Tokenisation, by contrast, allows the entire transaction lifecycle to occur within a single digital environment, providing a shared source of truth and enabling automation via smart contracts.

This promises to simplify access, enhance services, and reduce costs.

Cipollone pointed out that the aggregate unit cost of financial intermediation has remained stubbornly constant at around 2% of intermediated assets since the late 19th century, a pattern tokenisation could finally break.

Integrated markets, common standards

For tokenisation to deliver its promised gains, the entire financial system must embrace its new logic, requiring simultaneous adoption of complementary components.

This creates a significant coordination problem, as no single entity has an incentive to move first due to uncertain payoffs.

Cipollone drew parallels to the early electrification of factories, where broad productivity increases only materialised after a complete redesign of workflows.
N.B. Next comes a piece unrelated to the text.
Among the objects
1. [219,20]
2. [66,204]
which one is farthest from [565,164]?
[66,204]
He stressed the need for common standards and non-discriminatory access in a DLT ecosystem to prevent fragmentation, foster competition, and ensure market integration.

The historical "war of the currents" between Edison's DC and Westinghouse's AC serves as a cautionary tale against incompatible systems.

Central banks as system architects

Cipollone's speech highlights the ECB's proactive stance in shaping the future of tokenised finance, moving beyond mere observation to active participation.

By offering tokenised central bank money and setting standards through projects like Pontes and Appia, the ECB aims to prevent fragmentation and ensure broad economic benefits.

This approach positions central banks as essential catalysts for a truly efficient and integrated digital financial ecosystem, ensuring gains are broadly distributed.